Spotting the Character: How to Collect Elements of Characterisation in Literary Texts?
What is a literary character made of? To this question, a pragmatic answer is to say that it exists as a result of a chain of different linguistic elements, scattered throughout the text. The aim of this paper is to propose a digital method for collecting these elements, so as to analyse their nature, to observe their repartition in texts, and, ultimately, to contribute to a deeper understanding of the functions the literary device called “character” assumes in a text.

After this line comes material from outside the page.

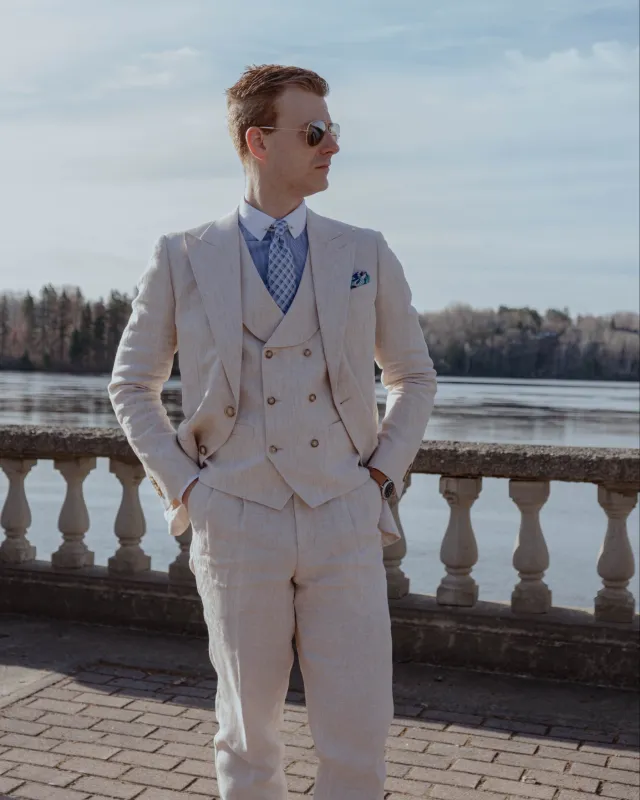 Casual 3 Pieces Mens Suit Flat Linen Peak Lapel Suit(Blazer+Vest+ Pant) sold by Mens Event Wear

Projects dedicated to named-entity recognition put a great deal of effort into using Natural Language Processing (NLP) techniques for identifying names of people, places and organisations mentioned in various types of discourses, especially political ones, as well as the co-referential chains built on the basis of these names. However, in spite of important advances in the field, much remains to be done in order to train the computer to link correctly various phrases referring to the same entity, as well the pronouns pointing to it (see Schnedeker and Landragin, 2014). In our case, we are interested in such elements of a co-referential chain that bear characterization features, and this is, inevitably, a supplementary complication. In addition, we are interested in certain elements (eg. “his brother” in the phrase “John is his brother”) that are often left aside in named entity recognition, as performing another functions than strictly pointing towards an entity. Therefore, NLP techniques did not appear adapted to our needs.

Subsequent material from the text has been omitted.